- WHAT IS NEEDED
Each line of the material should be set down exactly. Pictures are not part of the copy.

☆ ☆ ☆ ☆

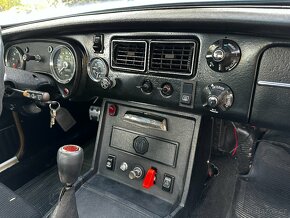 MG MGB GT - 16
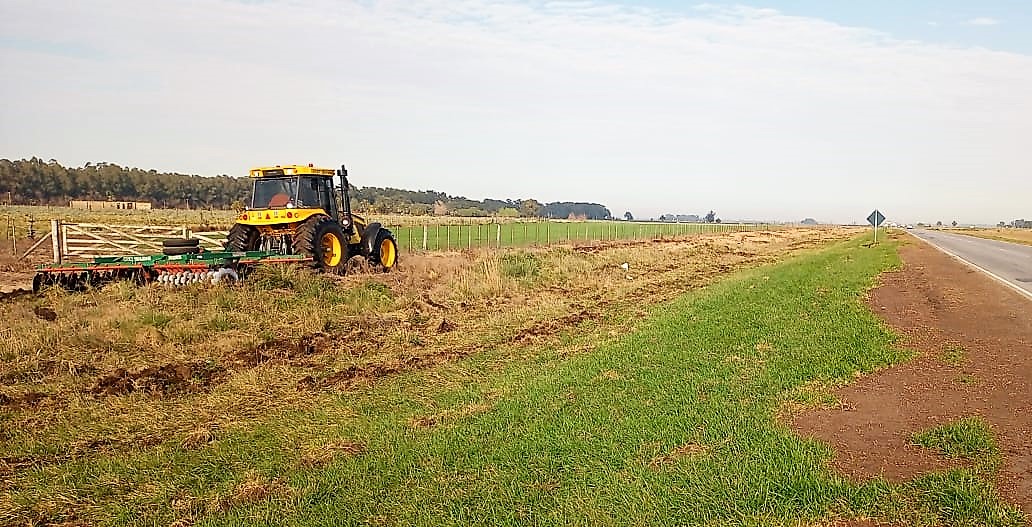 CarinaLambrecht's tweet photo. 🚜Seguimos con tareas de prevención de incendios forestales frente a la cercanía de la próxima temporada estival
🚜Trabajos de cortafuegos y mantenimiento de banquinas
#RN228 entre #TresArroyos #Necochea
#Conservación
#VialidadNacional90Años
@gtrankels
@GustavoHArrieta https://t.co/IQwNKJ5Fx6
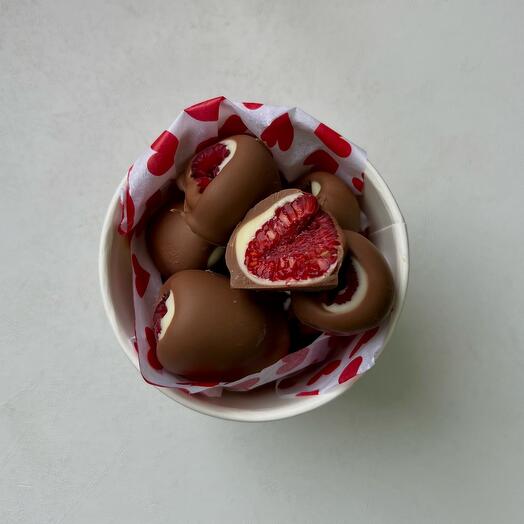 Raspberries in double chocolate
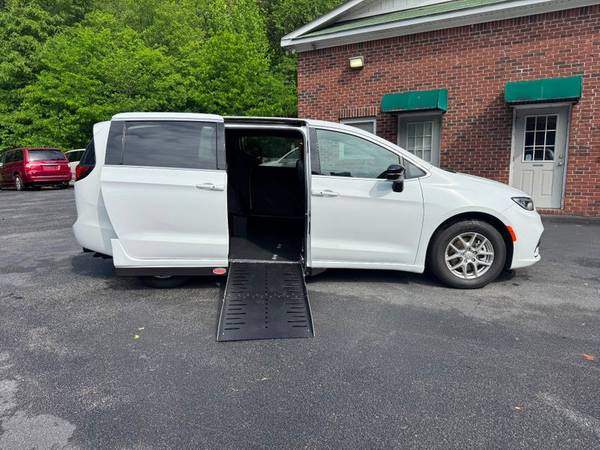 2026 Chrysler, dovoz USA — foto 2 z 12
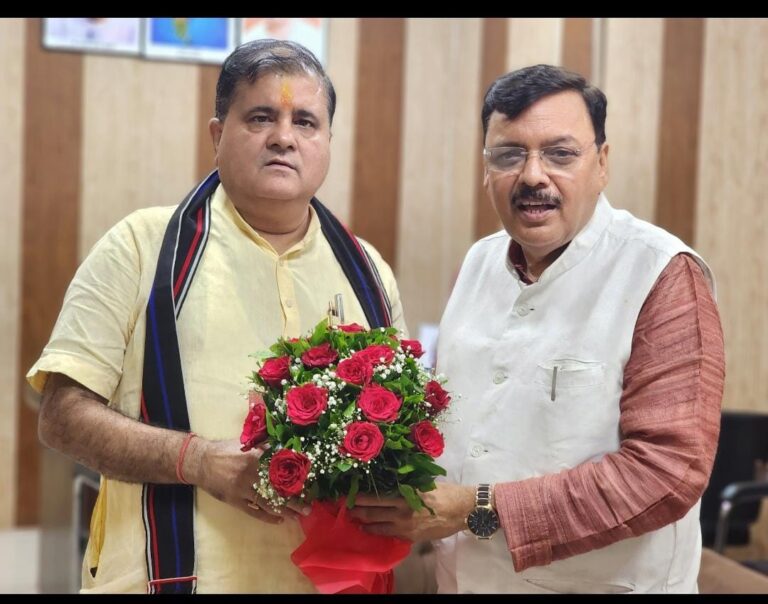 महेंद्र भट्ट जी को पुनः प्रदेश अध्यक्ष बनने पर पूर्व विधायक राजेश शुक्ला ने दी बधाई।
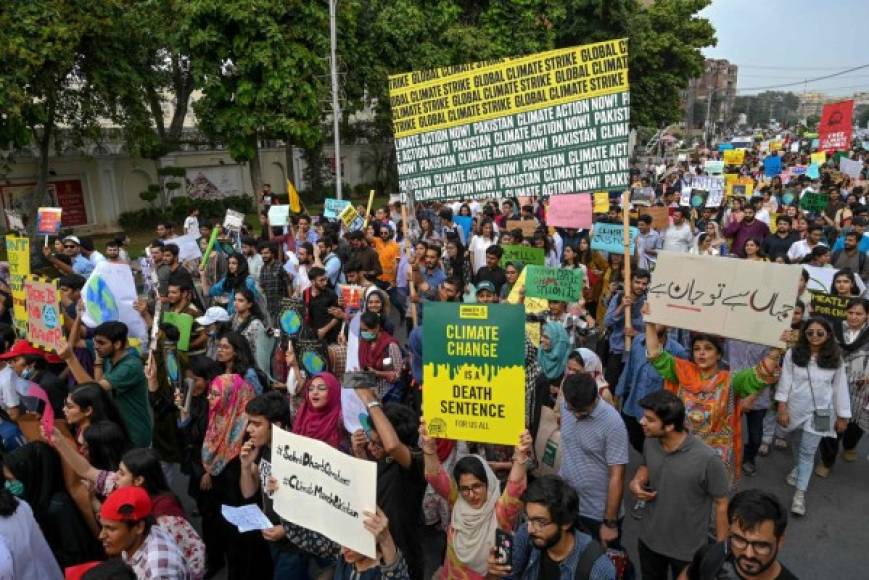 Cientos de personas salieron a las calles en Lahore, Pakistán.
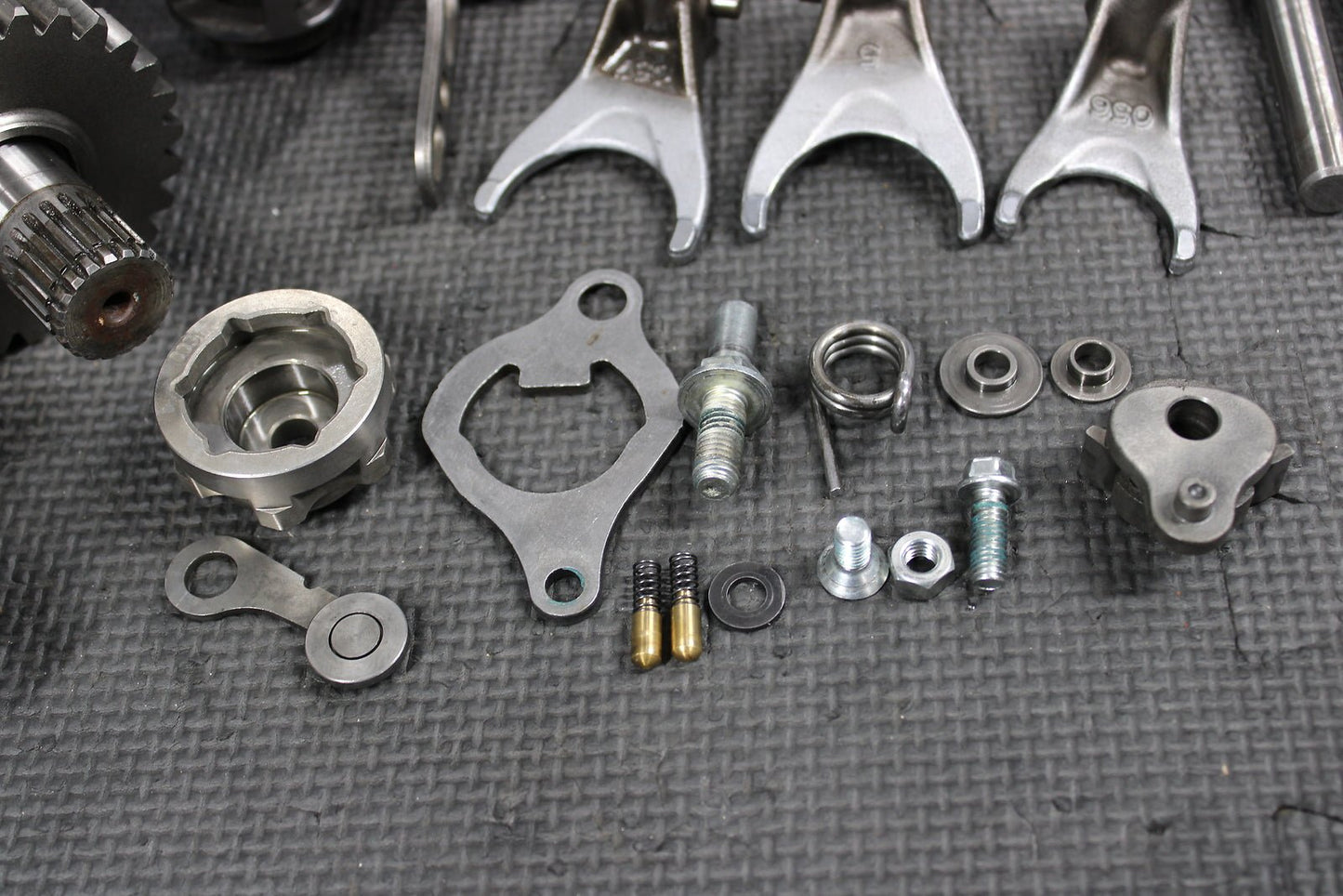 2012 KAWASAKI KX250F OEM ENGINE TRANSMISSION TRANNY ASSEMBLY GEARS - hggarage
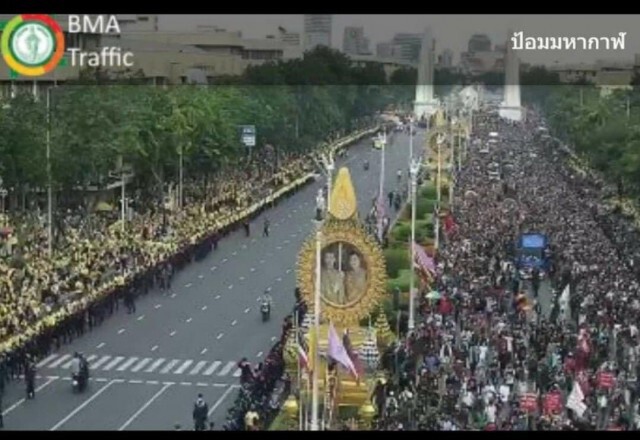 NHK รายงานข่าวการชุมนุมประท้วงของประเทศไทย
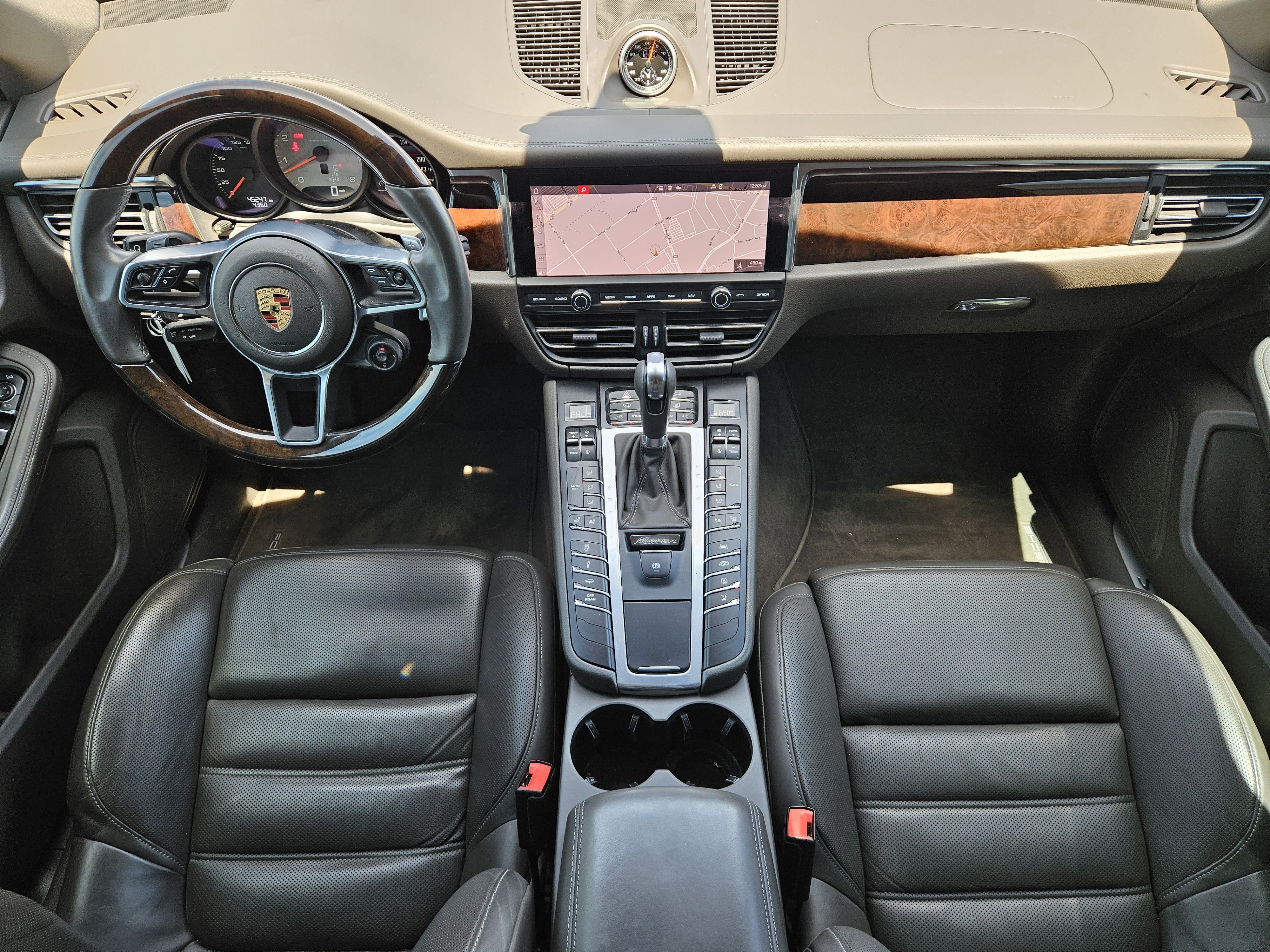 Certified 2020 Porsche Macan S AWD/4WD image 25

☆ ☆ ☆ ☆

- RESULT OF THE EXERCISE
 MG MGB GT - 16
 CarinaLambrecht's tweet photo. 🚜Seguimos con tareas de prevención de incendios forestales frente a la cercanía de la próxima temporada estival
🚜Trabajos de cortafuegos y mantenimiento de banquinas
#RN228 entre #TresArroyos #Necochea
#Conservación
#VialidadNacional90Años
@gtrankels
@GustavoHArrieta https://t.co/IQwNKJ5Fx6
 Raspberries in double chocolate
 2026 Chrysler, dovoz USA — foto 2 z 12
 महेंद्र भट्ट जी को पुनः प्रदेश अध्यक्ष बनने पर पूर्व विधायक राजेश शुक्ला ने दी बधाई।
 Cientos de personas salieron a las calles en Lahore, Pakistán.
 2012 KAWASAKI KX250F OEM ENGINE TRANSMISSION TRANNY ASSEMBLY GEARS - hggarage
 NHK รายงานข่าวการชุมนุมประท้วงของประเทศไทย
 Certified 2020 Porsche Macan S AWD/4WD image 25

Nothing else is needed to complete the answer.